## WHAT THE EXERCISE ASKS
When you reach the line below that has "New Balance أحذية", start returning lines exactly, and stop after the line that has "AUDIFONO REDRAGON ZEUS"; skip the pictures.

[RECORDS FOR THIS TASK Boundary: Start]

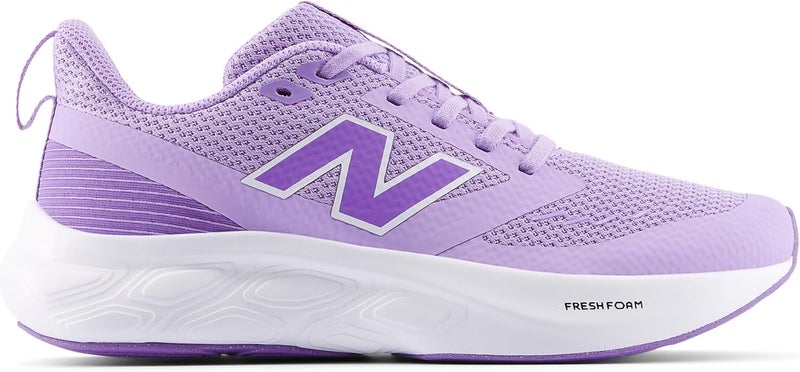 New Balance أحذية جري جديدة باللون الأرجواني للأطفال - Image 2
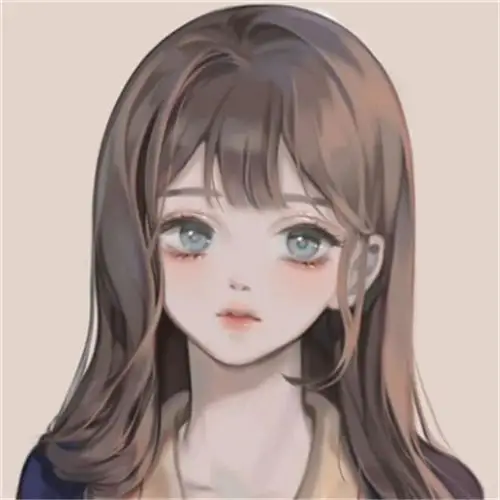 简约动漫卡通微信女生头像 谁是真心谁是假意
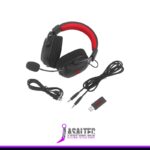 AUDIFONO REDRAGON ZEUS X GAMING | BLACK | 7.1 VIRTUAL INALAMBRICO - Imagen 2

[RECORDS FOR THIS TASK Boundary: End]
[RECORDS FOR THIS TASK Boundary: Start]

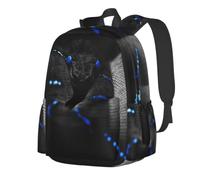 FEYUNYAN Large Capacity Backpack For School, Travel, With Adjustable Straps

[RECORDS FOR THIS TASK Boundary: End]
[RECORDS FOR THIS TASK Boundary: Start]

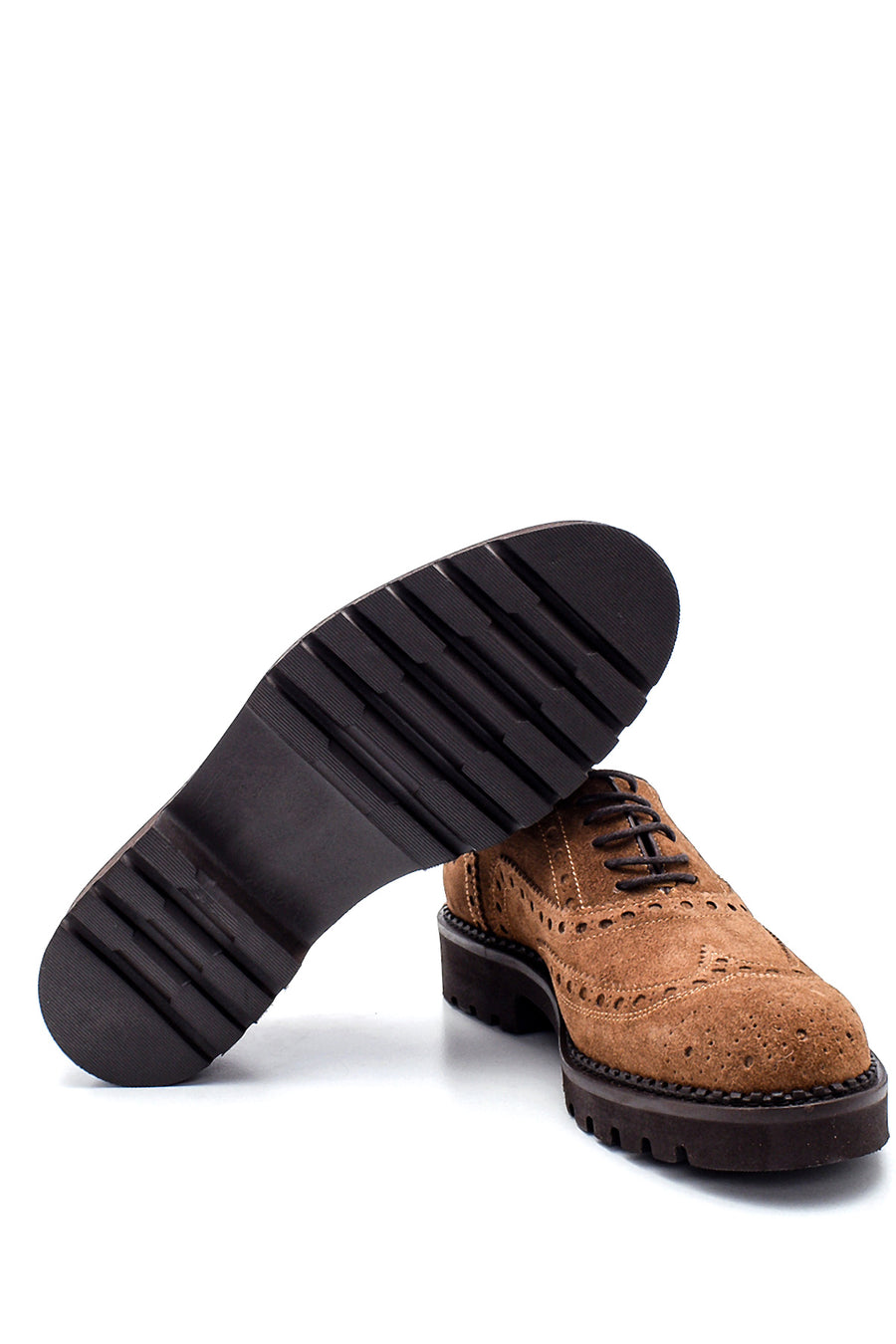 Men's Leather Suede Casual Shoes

[RECORDS FOR THIS TASK Boundary: End]

## OUTPUT FOR THIS TASK
 New Balance أحذية جري جديدة باللون الأرجواني للأطفال - Image 2
 简约动漫卡通微信女生头像 谁是真心谁是假意
 AUDIFONO REDRAGON ZEUS X GAMING | BLACK | 7.1 VIRTUAL INALAMBRICO - Imagen 2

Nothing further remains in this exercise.